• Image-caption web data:
+ + + +

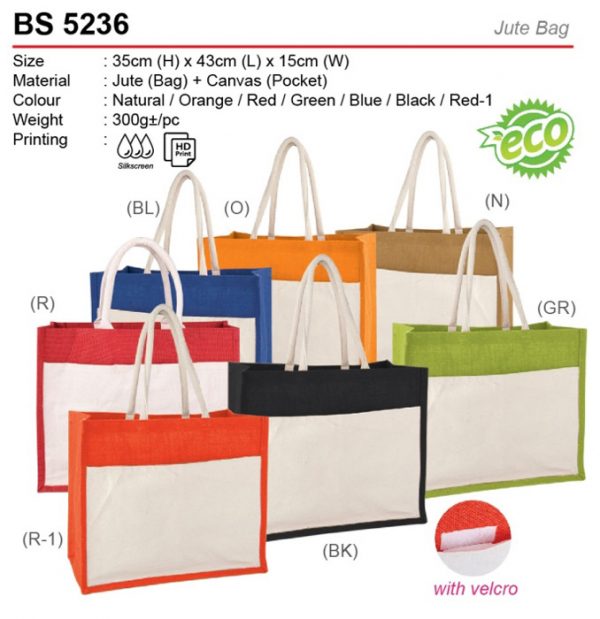A3 Size Jute Bag with Pocket (BS5236)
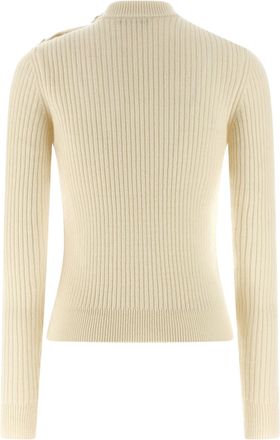 Balmain Ribbed Cashmere and Virgin Wool Sweater - Cream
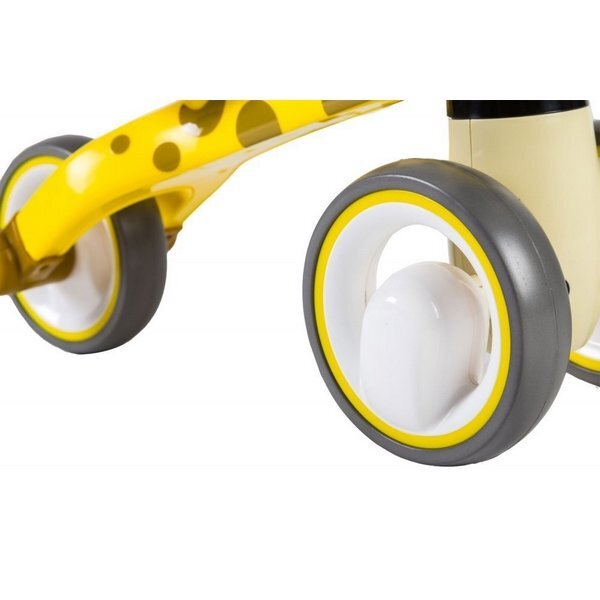 Ecotoys Tricicleta copii fara pedale LB1603 Galben varsta 1-3 ani scaun confortabil si moale roti duble fata functie de blocare a ghidonului sarcina maxima admisa 20 kg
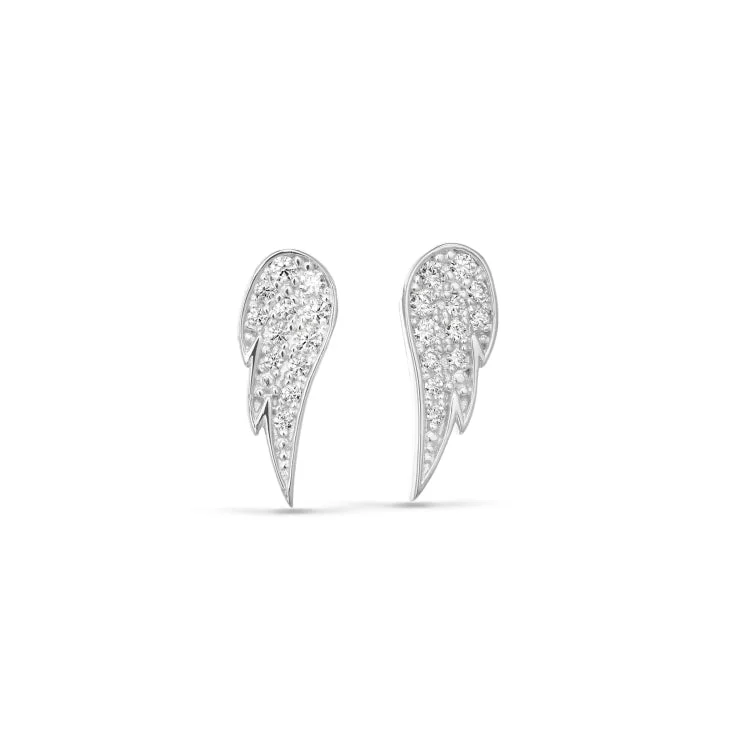 Ladies earrings mystic charm -Platinum Finish Sterling Silver Micropave Angel Wing Earrings with Simmulated Diamonds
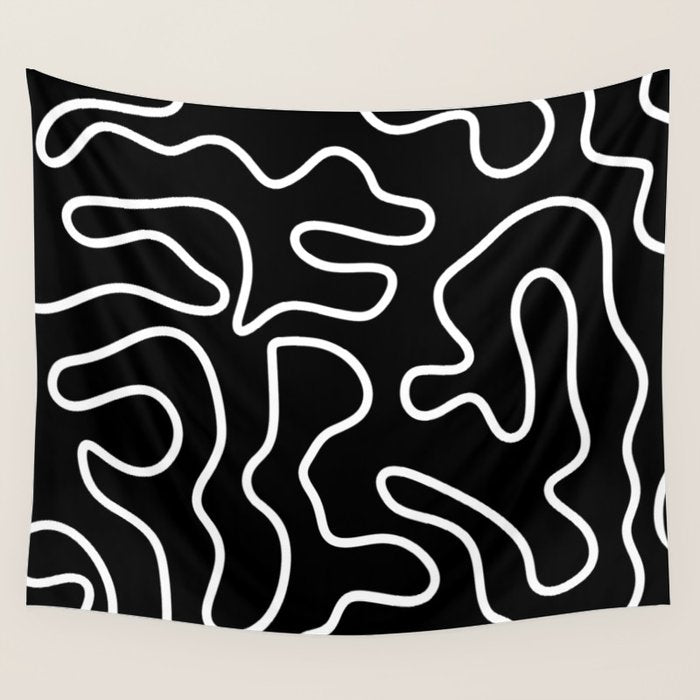 Squiggle Maze Minimalist Abstract Pattern in White and Black Wall Tapestry Gallery Image 4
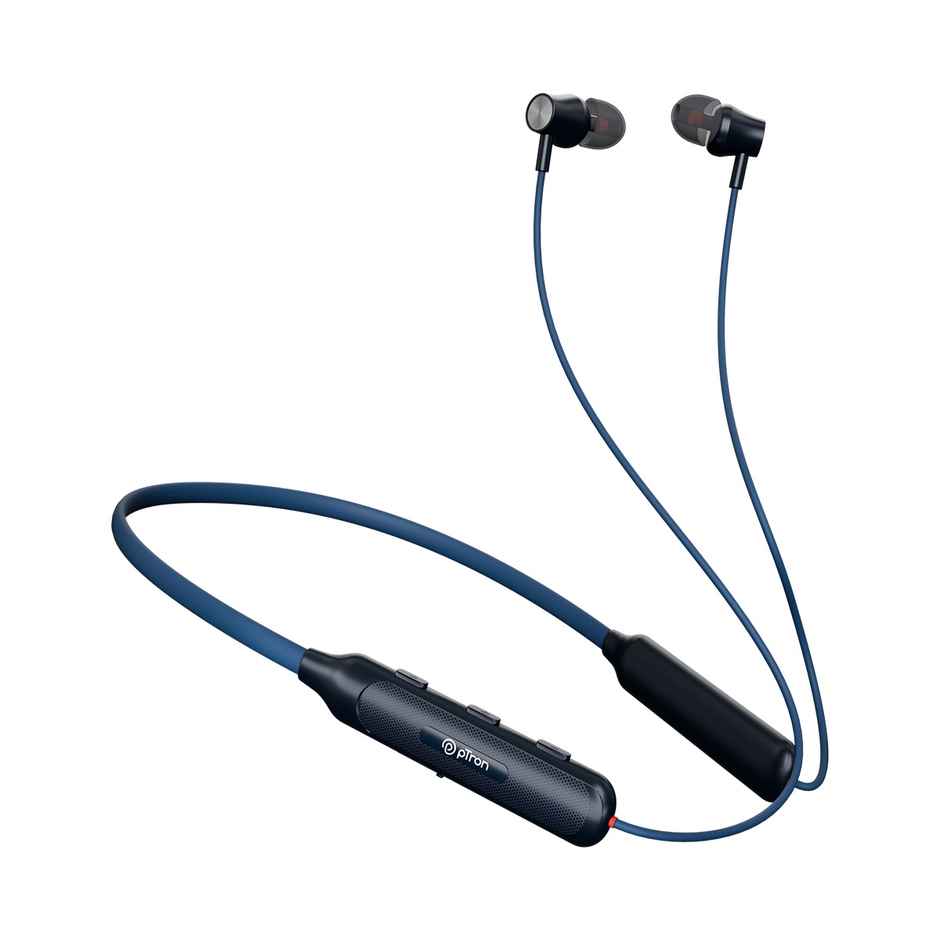 pTron Tangent Evolve Wireless Neckband With 34Hrs Playtime | Hd Mic | Pristine Sound & Bt5.3 - Black-Blue
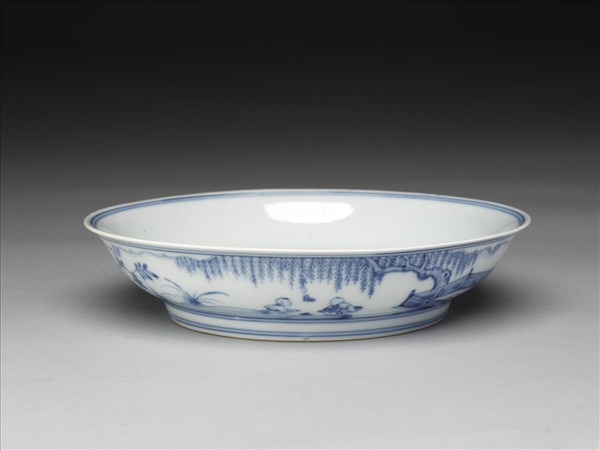 青花歲寒三友圖盤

+ + + +

• WORK ITEM: Starting with the line that contains "Balmain Ribbed Cashmere", print every remaining line of the records above, exactly as it stands. Do not print the pictures.

• SOLUTION TO THIS EXERCISE:
 Balmain Ribbed Cashmere and Virgin Wool Sweater - Cream
 Ecotoys Tricicleta copii fara pedale LB1603 Galben varsta 1-3 ani scaun confortabil si moale roti duble fata functie de blocare a ghidonului sarcina maxima admisa 20 kg
 Ladies earrings mystic charm -Platinum Finish Sterling Silver Micropave Angel Wing Earrings with Simmulated Diamonds
 Squiggle Maze Minimalist Abstract Pattern in White and Black Wall Tapestry Gallery Image 4
 pTron Tangent Evolve Wireless Neckband With 34Hrs Playtime | Hd Mic | Pristine Sound & Bt5.3 - Black-Blue
 青花歲寒三友圖盤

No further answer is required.